Africa builds its own military aircraft Mwari

Jet fighters are a symbol of national prestige not only for Africa, but also for any other country. Most African states own Russian Su-30s or Su-25s, but practically do not fly them. Simply because they cannot afford it. And there is no point in using fighters worth tens of millions of dollars to inspect the borders of the state.

That could change with the debut of the Mwari, a lightweight single-engine turboprop combat aircraft developed by the South African company Paramount.

Based on the lightweight reconnaissance attack aircraft AHRLAC, the more militarized Mwari is intended for use in security missions, but can also be used for civilian purposes.

The creators of Mwari drew inspiration from helicopters and even ground vehicles. This is evidenced by the tandem cockpit, which provides excellent visibility. The Pratt & Whitney 950-horsepower turboprop engine is located behind the cockpit. This not only provides a good view for the pilots, but also makes the engine less vulnerable.

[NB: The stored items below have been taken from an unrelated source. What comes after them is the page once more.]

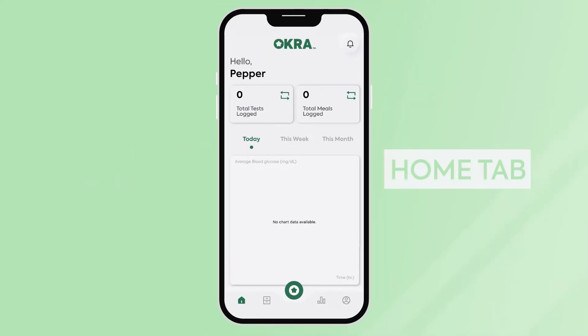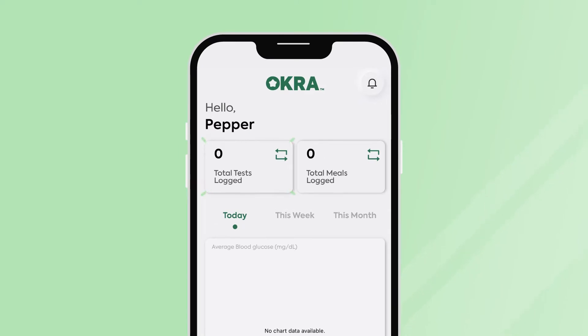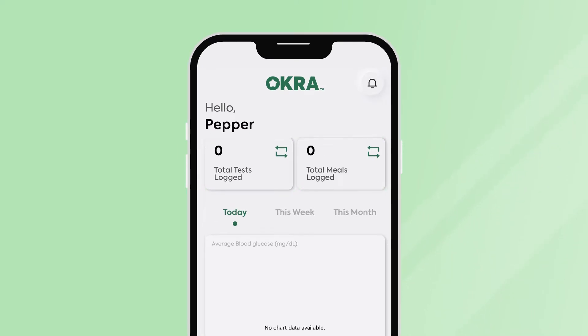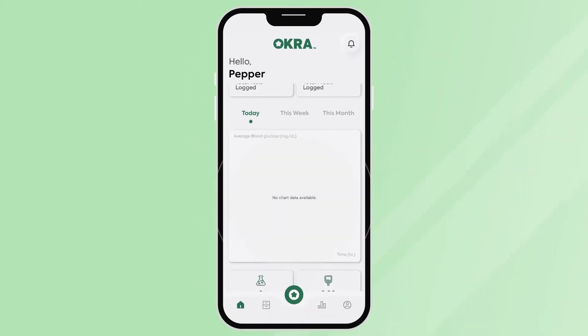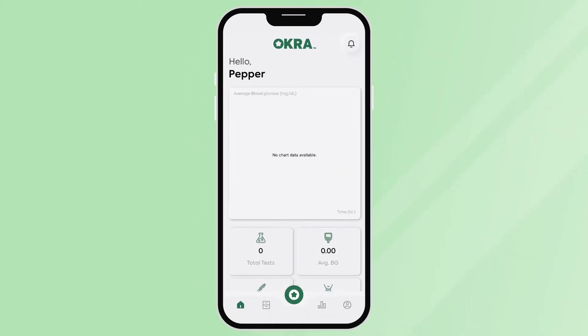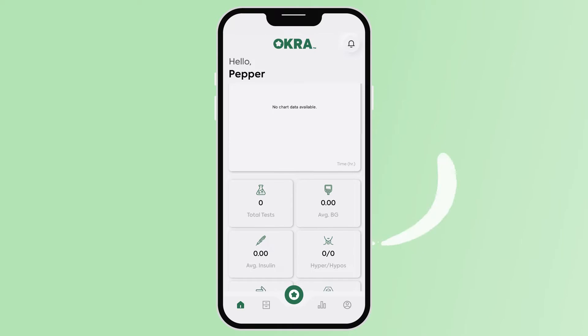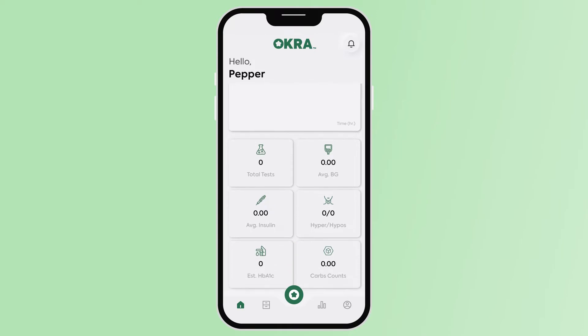Here, you will be able to see the total number of tests logged, the total number of meals logged, data chart, and a breakdown of your daily logged test results.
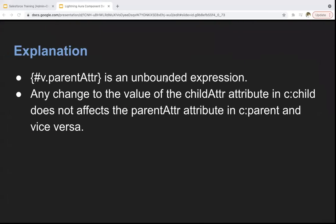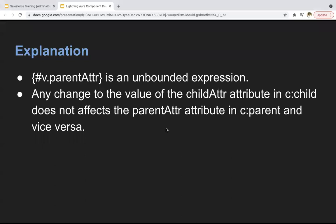So going back to the slide — any change to the value of the child attribute in child does not affect the parent attribute, and vice versa. This is all about unbounded expressions. Thank you.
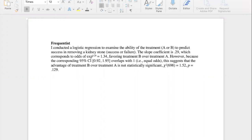When reporting these results, we focus on the slope coefficient since it gives us the log odds ratio from which we extract the odds ratio. I conducted a logistic regression to examine the ability of treatment A or B to predict success in removing a kidney stone. The slope coefficient is 0.29, corresponding to odds of 1.34 favoring treatment B over treatment A. However, because the 95% confidence interval overlaps with one — equal odds — the advantage of treatment B is not statistically significant.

Mwari is made primarily of aluminum. The material was chosen due to its low cost and good maintainability. When designing the subsystems, the developers tried to use as few parts as possible in order to maintain high reliability.

The aircraft manufacturer aims to make Mwari the cheapest offering in the niche. According to the first estimates, the cost of the car will be about $ 10 million in the initial modification. Production start-up is scheduled for the end of 2017.